Il y a eu des scènes de joie diffusées sur les réseaux sociaux par ses opposants et des scènes de prière diffusées par le régime. Que penser de ces images ?
Les enquêtes de terrain étant interdites en Iran, c'est très difficile de répondre à cette question. Il y a la propagande du régime pour montrer qu’il y a une tristesse populaire, qu’Ebrahim Raïssi était reconnu, qu’il avait une légitimité. Et de l’autre côté il y a ces scènes de joie, des feux d’artifice qui ont été tirés, en particulier à Téhéran, ce qui n’est pas anodin alors que la répression brutale des opposants est toujours bien en place. Il est toutefois difficile d’évaluer leur ampleur, mais ce qui est certain, c’est que son impopularité était importante chez une grande partie de la population. Le faible taux de participation aux dernières élections en est la preuve.
À quoi faut-il s’attendre lors des prochaines semaines en Iran ?

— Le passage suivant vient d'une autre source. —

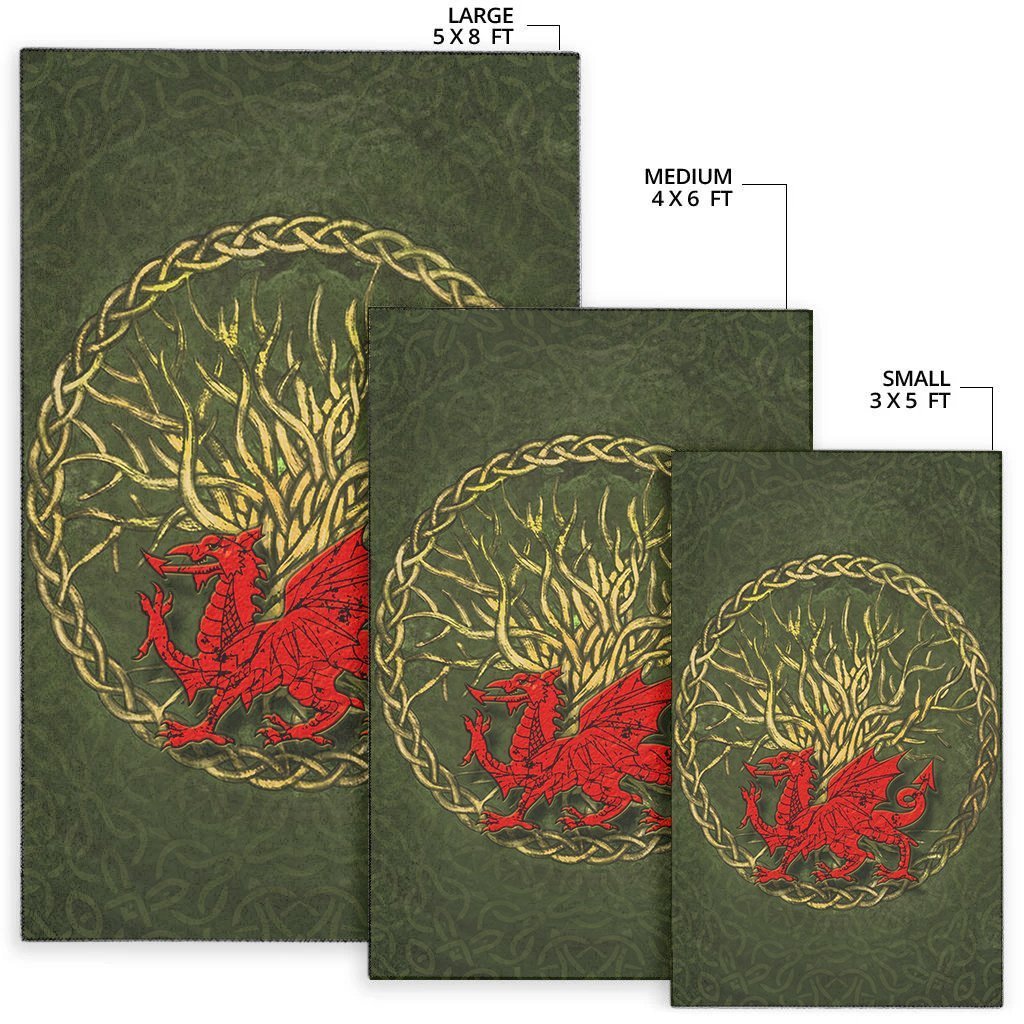 Wales Celtic Area Rug - Welsh Dragon With Celtic Tree - Vibe Hoodie Shop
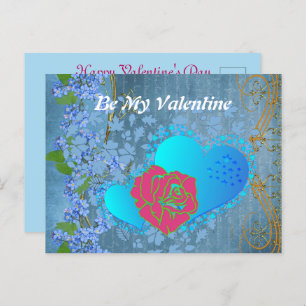 Be My Valentine Romantic Rose Sweeping Heart Blue  Postcard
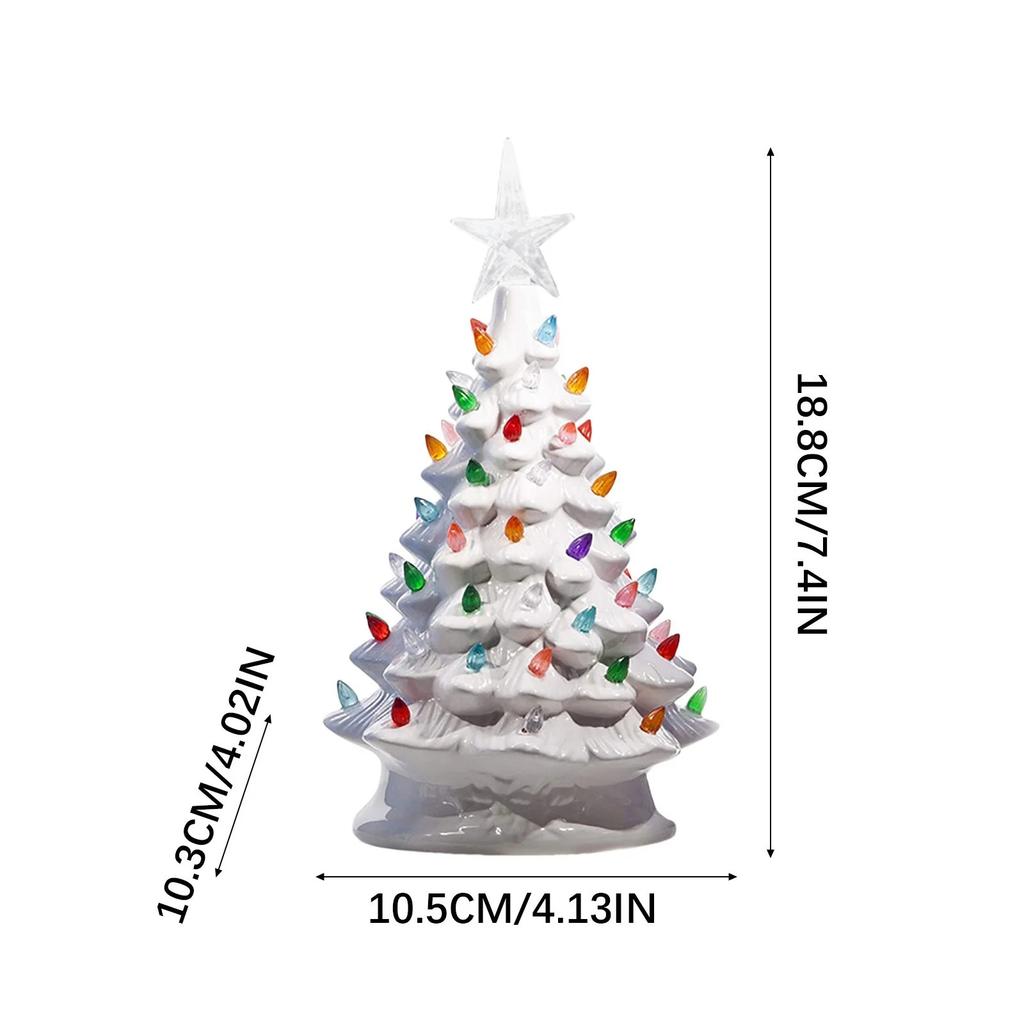 Ceramic Christmas Tree LED Desktop Decoration Ornament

La campagne présidentielle va être très courte. Quel candidat va réussir à émerger alors que le pouvoir a considérablement restreint le cercle politique en Iran autour du noyau dur proche de Khamenei ? Il y avait encore de la place il y a quelques années pour des personnalités modérées, mais elles ont complètement été marginalisées. Tout a été fait ces derniers temps pour faciliter le maintien au pouvoir des ultra-conservateurs. La mort d’Ebrahim Raïssi vient chambouler cet édifice et il va falloir trouver un remplaçant ayant les mêmes caractéristiques et capable de rassurer le noyau dur du régime.